One resident, Sheila Laitey, who described herself as a "very casual" relief nurse at Stanton Territorial Hospital, says she knows of people who have gotten frustrated and left the NWT because they couldn't get nursing jobs. Meanwhile, she says, full-time nurses at the hospital are overworked.

"There is a phenomenal amount of my tax dollars going to nurses' overtime pay at Stanton because positions are sitting open and there are barriers to applying," she said.

Laitey, who has a separate full-time job, says she gets called to work about five times per week.

"People apply for jobs and get no response," she said to Miltenberger.

"I know a lady who came up here for a two-week visit and couldn't even get in to see if there's work (at the hospital)."

Miltenberger gave credit to his colleague, Health and Social Services (HSS) Minister Glen Abernethy, for working to streamline his department and admitted the government isn't as "nimble" as it could be at hiring.

Miltenberger's central message is the GNWT's operating budget is 'not sustainable' without an increase in revenues, and revenues are not going to increase without an investment in infrastructure to bring jobs - and people - to the territory.

The finance minister said the government has a tendency to leave positions vacant for years because of what he referred to as "creeping credentialism without very well laid out equivalencies."

He pointed to an addictions counsellor position in Fort McPherson that has been sitting vacant for years because the job requires a master's degree.

"What good is it to have a position requiring a master's degree sit empty year after year?" he said.

"And what good is a person from Toronto with a master's degree - no matter how well intentioned - going into Fort McPherson when there's already somebody in the community who may have equivalent skills to do addictions counselling?"

Representatives for the Department of Human Resources did not respond to a request for comment by press time.
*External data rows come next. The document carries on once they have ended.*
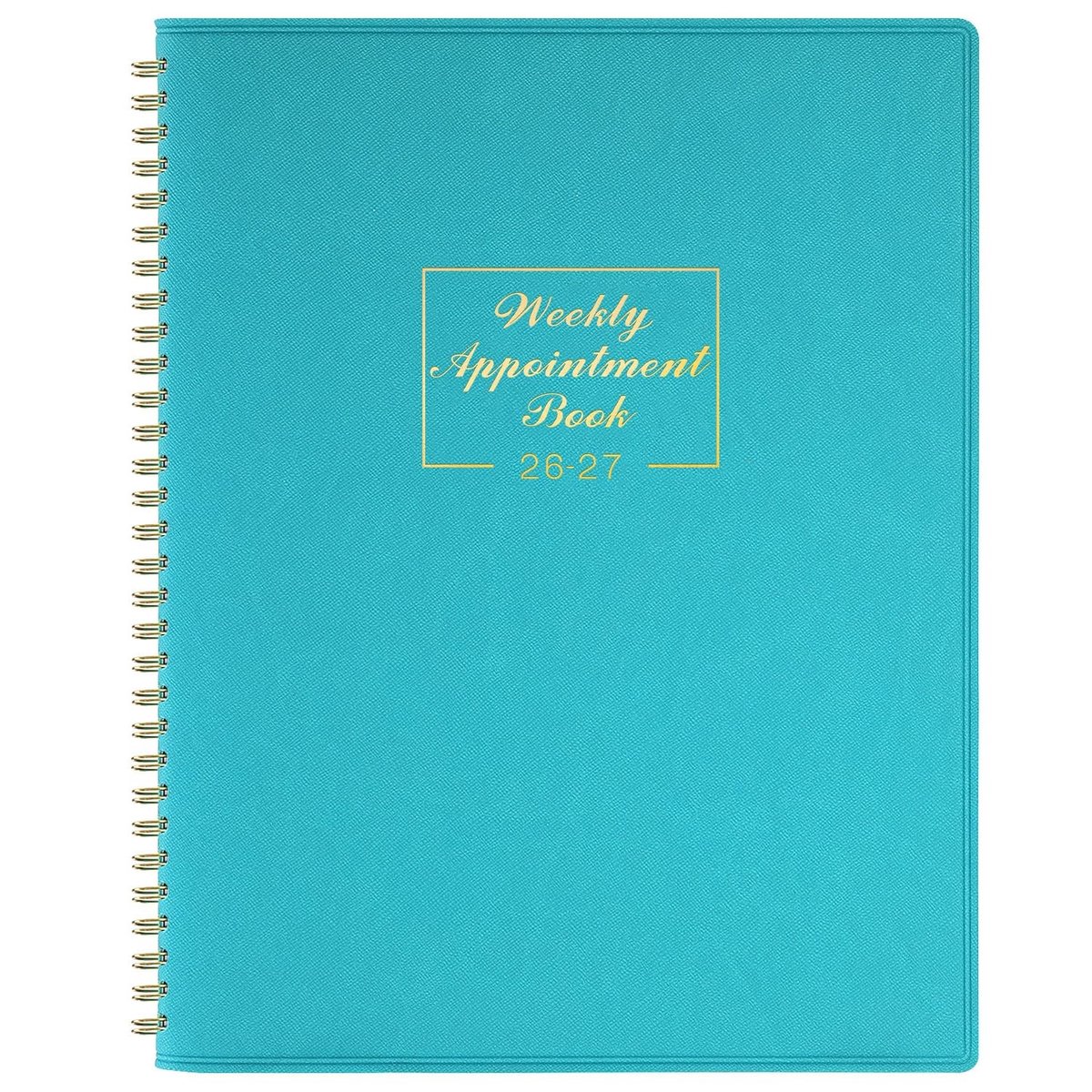 Dailygoods - Afsprakendagboek 2024-2025 - Academisch Dagboek met Zachte Lederen Hoes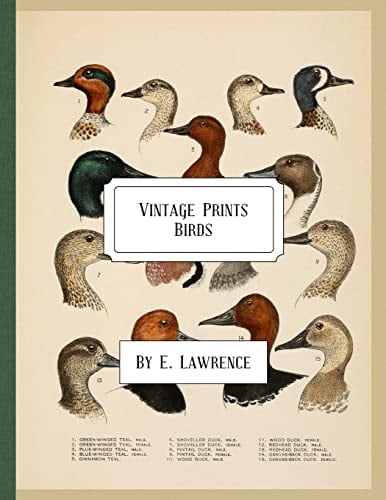 Vintage Prints Birds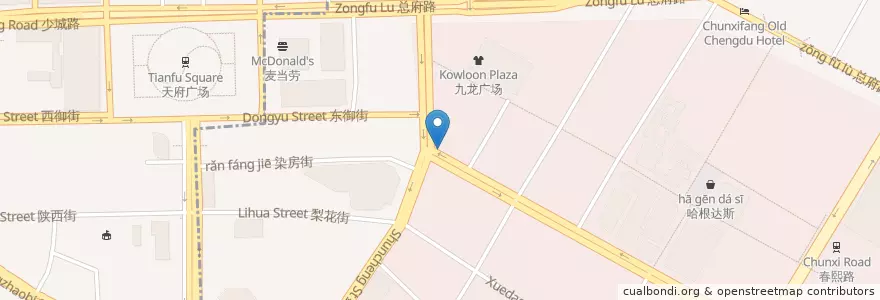 Mapa de ubicacion de 盐市口街道 (Yanshikou) en Cina, Sichuan, 成都市, 锦江区 (Jinjiang), 盐市口街道 (Yanshikou).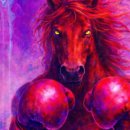 락복싱클럽 이미지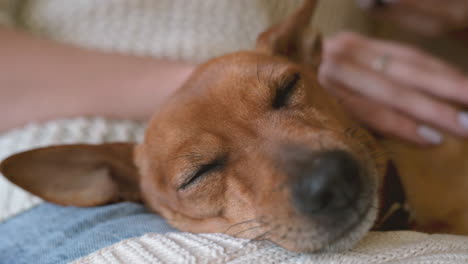 Close-Up-View-Of-A-Sleeping-Brown-Dog-On-Its-Owner's-Lap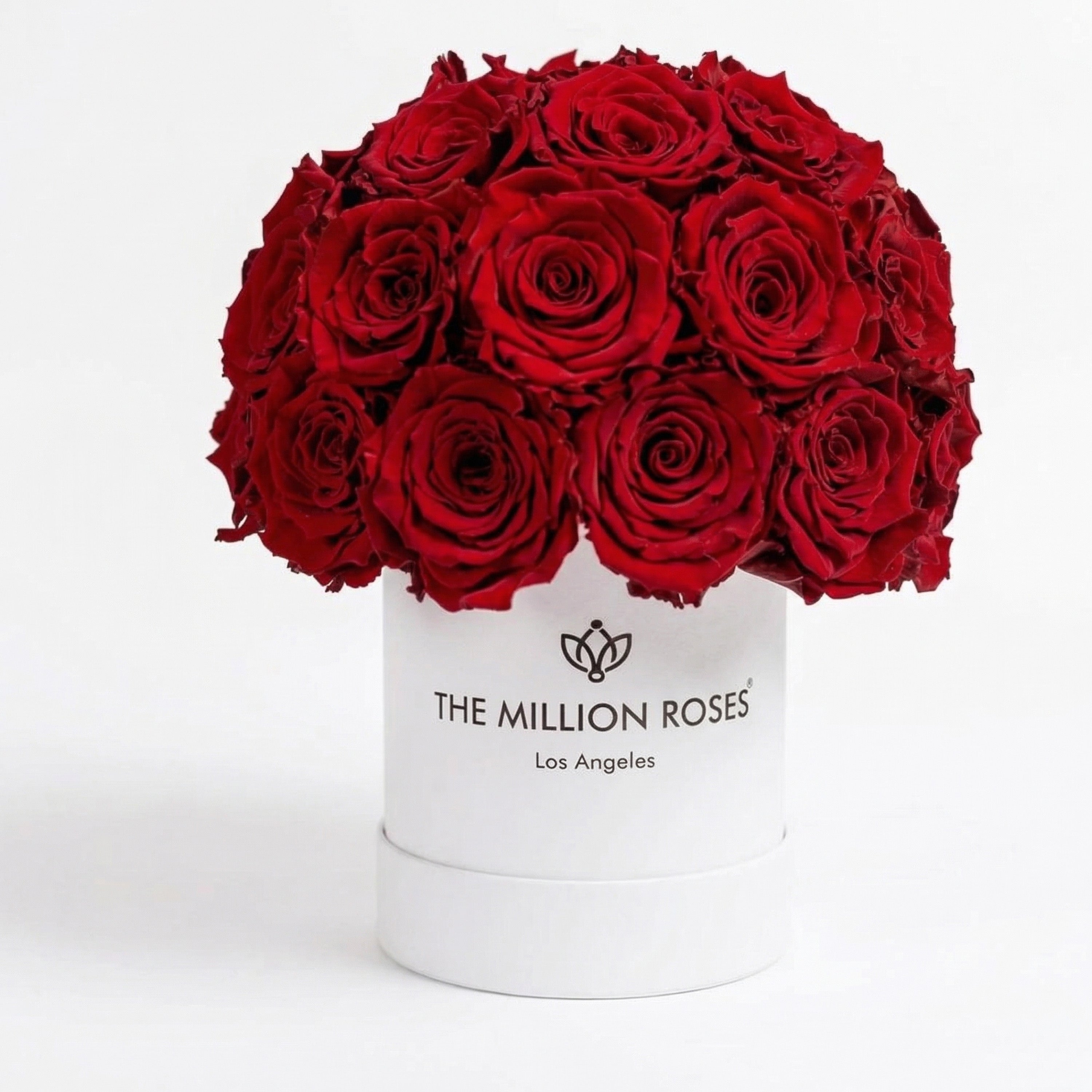 Essence White Superdome Box | Red Roses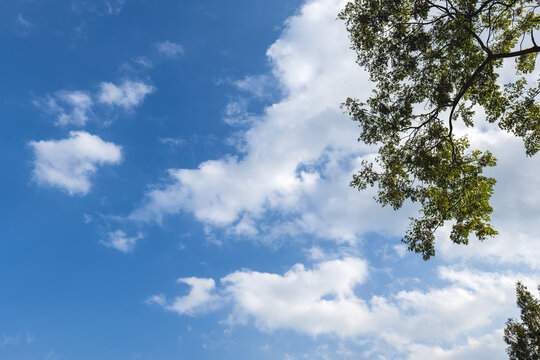 树枝与天空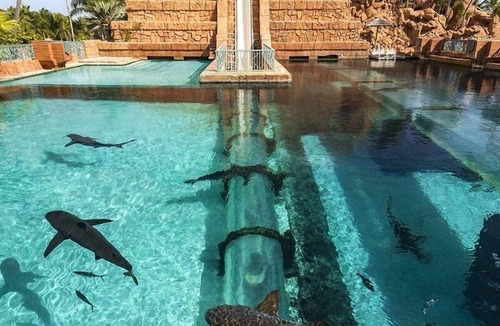 Paradise Island Villa | Steps from Atlantis Waterpark + Passes for 10 Guests at Harborside Resort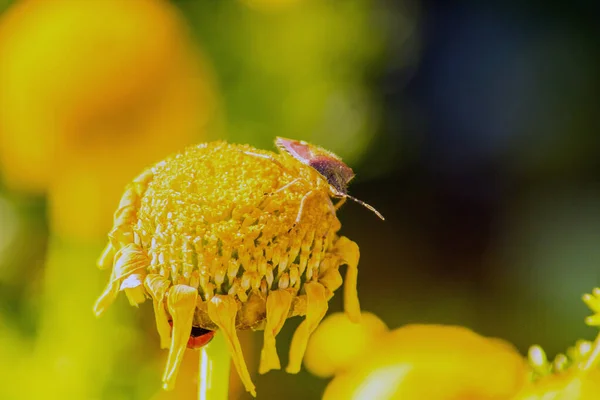 Echte Käfer Insekten Auf Einer Gelben Blume — Stockfoto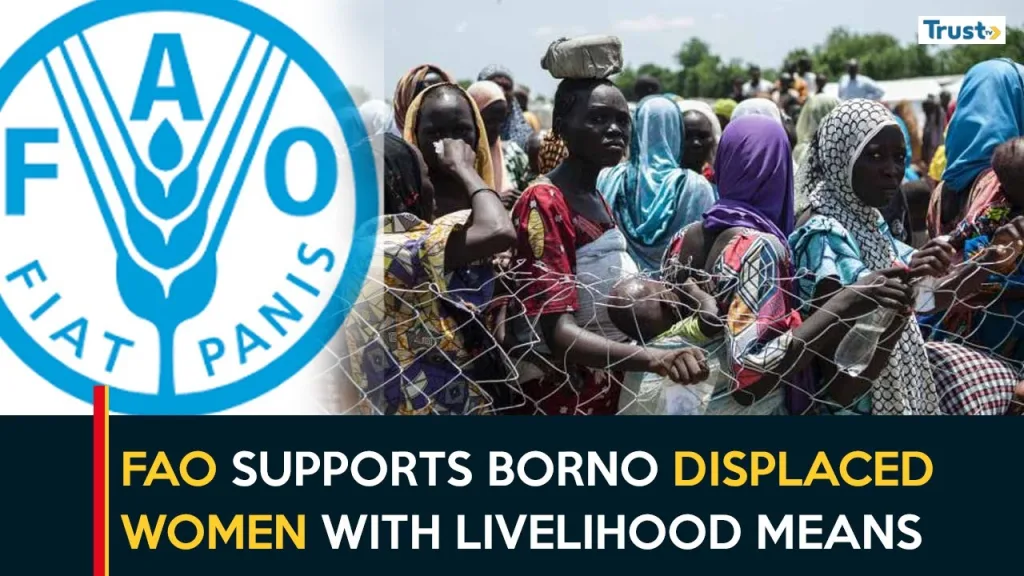FAO supports Borno-displaced women with livelihood means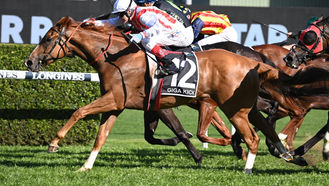 好馬難過馬會關 明星馬主無特權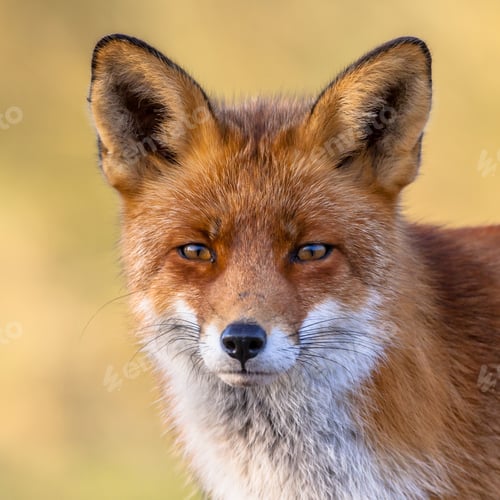 Preview: Red fox portrait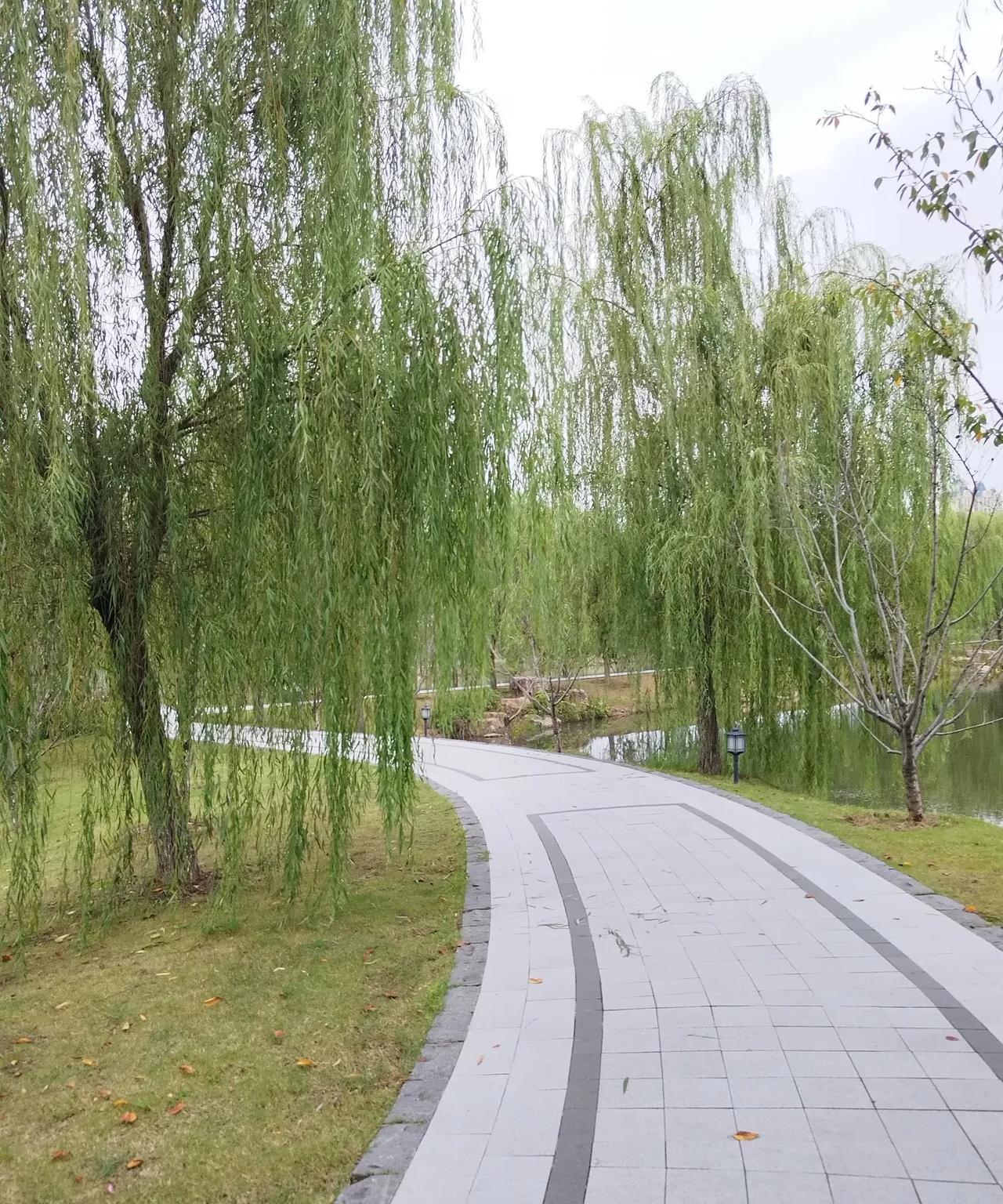 孩子长大了疏远父母，怨恨父母，还是有原因的。有的父母，确实在孩子小时候，不是那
According to the Department of Human Resources 2013 Public Sector Annual Report, the GNWT was already one of the territory's biggest employers prior to devolution. Out of 22,400 employed people in the NWT, 4,845 worked for the territorial government.

The economic outlook also faces challenges with Diavik and Ekati diamond mines scheduled to close within the decade, although Ekati could see an extension if it gets approval to mine two new diamond sources in the vicinity of its current operating site.

Miltenberger estimates the loss of Diavik and Ekati will amount to a loss of 1,200 jobs and $400 million per year from the territory's economy.

"These are the numbers that keep us up at night," said Kelly Bluck, director of fiscal policy with the Department of Finance.

In 2007, the territory's GDP, or the amount of goods and services produced by in a year, hit a high of $4.6 billion. Since then, it has fallen to approximately $3.6 billion in 2013.

This problem, coupled with rapidly inflating energy prices caused partly by the NTPC's reliance on diesel generators, is another major barrier to growing the economy, according to Miltenberger.

To address these issues he touted his plan to raise the territory's debt ceiling by a billion dollars, a move he says will allow the government to invest in renewable energy and critical infrastructure that will lower the cost of living and create a better climate for economic development.

The debt ceiling, which is set by the federal government, is currently $800 million dollars and Miltenberger says he and the federal government are entering the final stage of negotiations to determine what that number will become.

He says he expects a new debt limit by the time he makes his budget address in February.

Thursday's meeting was Miltenberger's sixth stop across the territory to discuss the government's economic outlook with residents. In the past week he and his team have hosted town halls in Fort Smith, Behchoko, Fort Simpson, Inuvik and Norman Wells.